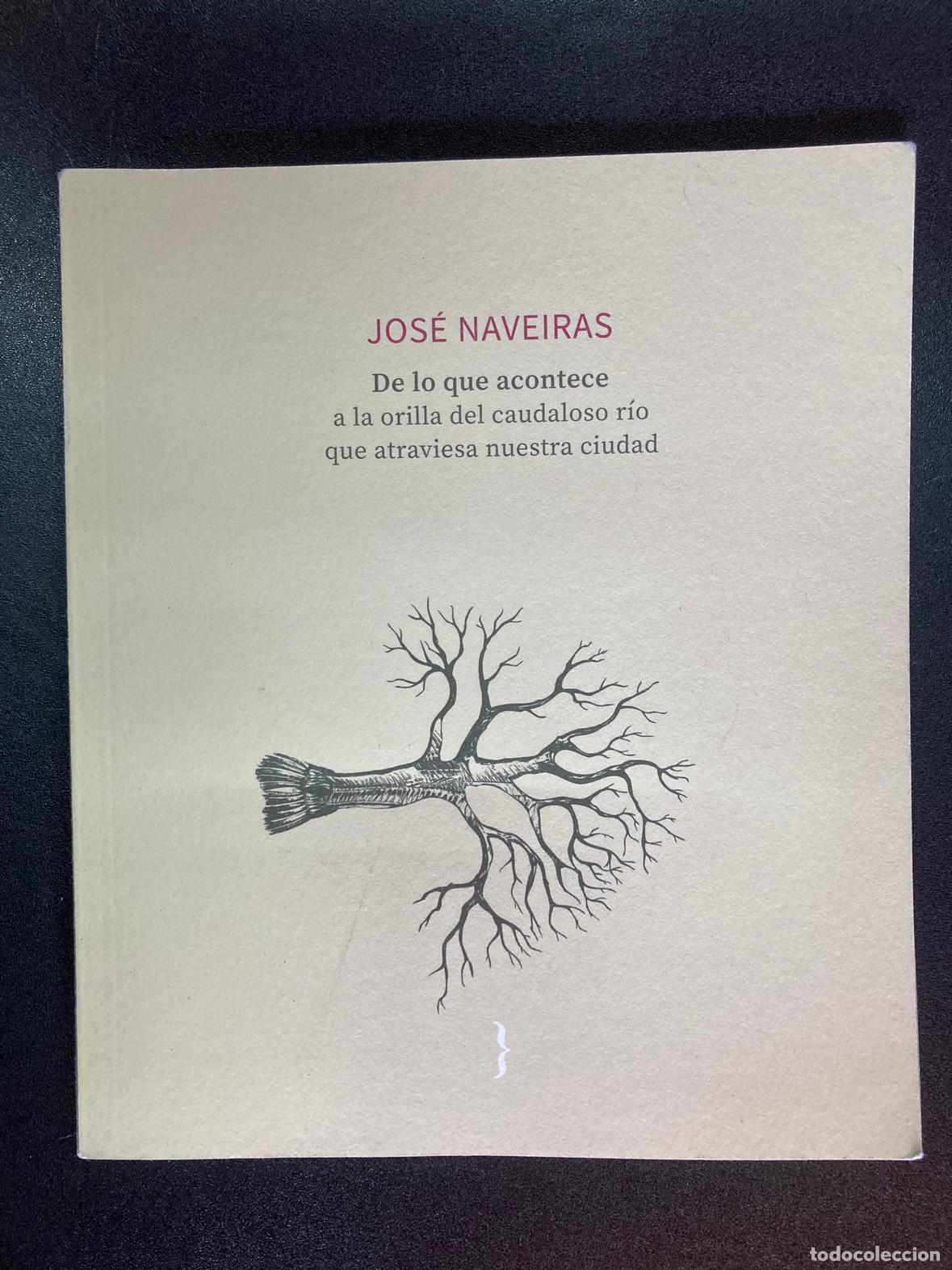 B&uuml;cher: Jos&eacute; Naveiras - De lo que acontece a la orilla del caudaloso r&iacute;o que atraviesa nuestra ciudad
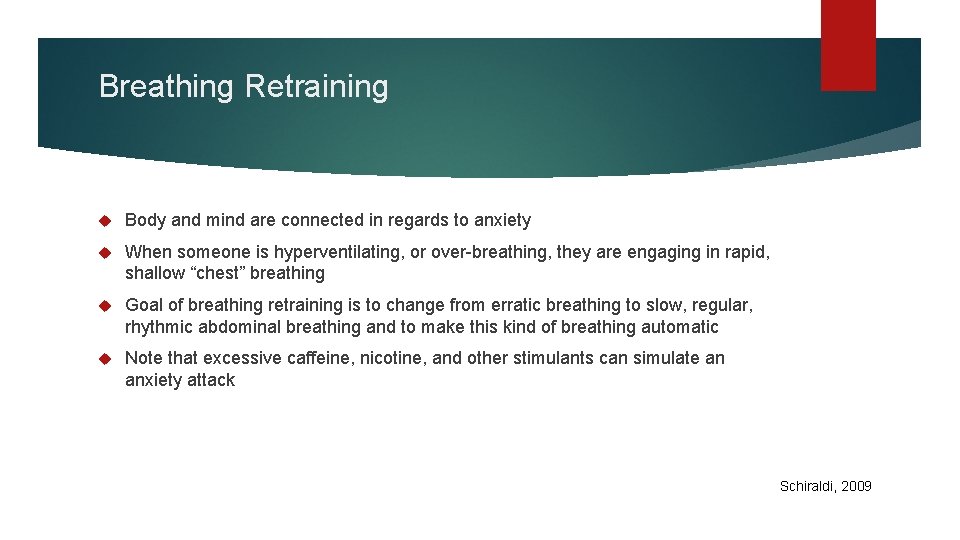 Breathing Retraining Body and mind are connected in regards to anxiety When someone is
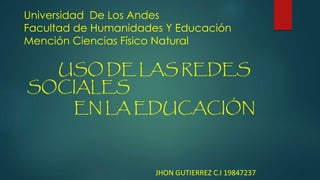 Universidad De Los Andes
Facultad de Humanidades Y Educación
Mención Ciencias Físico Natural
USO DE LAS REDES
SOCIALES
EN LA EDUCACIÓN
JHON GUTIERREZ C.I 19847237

### Description of the task
Reproduce every record above word for word. Leave the pictures out.

### Answer
 B&uuml;cher: Jos&eacute; Naveiras - De lo que acontece a la orilla del caudaloso r&iacute;o que atraviesa nuestra ciudad
 Breathing Retraining Body and mind are connected in regards to anxiety When someone is
 Universidad De Los Andes
Facultad de Humanidades Y Educación
Mención Ciencias Físico Natural
USO DE LAS REDES
SOCIALES
EN LA EDUCACIÓN
JHON GUTIERREZ C.I 19847237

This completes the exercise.